═════ Information

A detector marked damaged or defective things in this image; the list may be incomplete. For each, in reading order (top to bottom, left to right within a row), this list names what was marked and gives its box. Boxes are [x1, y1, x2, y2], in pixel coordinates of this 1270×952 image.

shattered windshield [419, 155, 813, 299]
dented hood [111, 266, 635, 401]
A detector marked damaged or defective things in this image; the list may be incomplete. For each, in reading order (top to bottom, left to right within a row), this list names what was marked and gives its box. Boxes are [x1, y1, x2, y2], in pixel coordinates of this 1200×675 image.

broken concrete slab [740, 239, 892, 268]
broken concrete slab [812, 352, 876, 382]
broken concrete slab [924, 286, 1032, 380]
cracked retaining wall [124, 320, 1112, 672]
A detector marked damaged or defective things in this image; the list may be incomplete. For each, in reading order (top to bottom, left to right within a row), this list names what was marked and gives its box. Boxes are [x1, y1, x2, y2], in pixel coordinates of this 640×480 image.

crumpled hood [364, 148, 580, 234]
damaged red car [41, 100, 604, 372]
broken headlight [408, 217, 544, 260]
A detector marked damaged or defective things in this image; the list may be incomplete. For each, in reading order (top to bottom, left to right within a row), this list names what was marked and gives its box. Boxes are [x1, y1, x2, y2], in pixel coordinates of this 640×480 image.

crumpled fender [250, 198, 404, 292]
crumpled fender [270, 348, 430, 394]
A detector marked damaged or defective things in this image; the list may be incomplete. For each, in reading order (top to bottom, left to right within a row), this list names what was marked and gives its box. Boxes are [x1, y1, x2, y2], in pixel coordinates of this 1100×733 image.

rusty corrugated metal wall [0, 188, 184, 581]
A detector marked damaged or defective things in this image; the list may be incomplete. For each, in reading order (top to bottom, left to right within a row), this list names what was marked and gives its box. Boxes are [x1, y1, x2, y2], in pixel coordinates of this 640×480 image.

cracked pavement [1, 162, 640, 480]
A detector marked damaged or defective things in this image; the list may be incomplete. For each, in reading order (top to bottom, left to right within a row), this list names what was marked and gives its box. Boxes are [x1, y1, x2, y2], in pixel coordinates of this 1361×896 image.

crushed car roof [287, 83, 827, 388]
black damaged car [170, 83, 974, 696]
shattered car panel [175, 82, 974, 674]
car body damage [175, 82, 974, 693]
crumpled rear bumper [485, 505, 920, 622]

══════════

__Your assignment__: Only a word-for-word repetition of the lines from the one containing "this 1100×733 image." to the final line of the data above counts as the answer.

__Answer to this task__:
A detector marked damaged or defective things in this image; the list may be incomplete. For each, in reading order (top to bottom, left to right within a row), this list names what was marked and gives its box. Boxes are [x1, y1, x2, y2], in pixel coordinates of this 1100×733 image.

rusty corrugated metal wall [0, 188, 184, 581]
A detector marked damaged or defective things in this image; the list may be incomplete. For each, in reading order (top to bottom, left to right within a row), this list names what was marked and gives its box. Boxes are [x1, y1, x2, y2], in pixel coordinates of this 640×480 image.

cracked pavement [1, 162, 640, 480]
A detector marked damaged or defective things in this image; the list may be incomplete. For each, in reading order (top to bottom, left to right within a row), this list names what was marked and gives its box. Boxes are [x1, y1, x2, y2], in pixel coordinates of this 1361×896 image.

crushed car roof [287, 83, 827, 388]
black damaged car [170, 83, 974, 696]
shattered car panel [175, 82, 974, 674]
car body damage [175, 82, 974, 693]
crumpled rear bumper [485, 505, 920, 622]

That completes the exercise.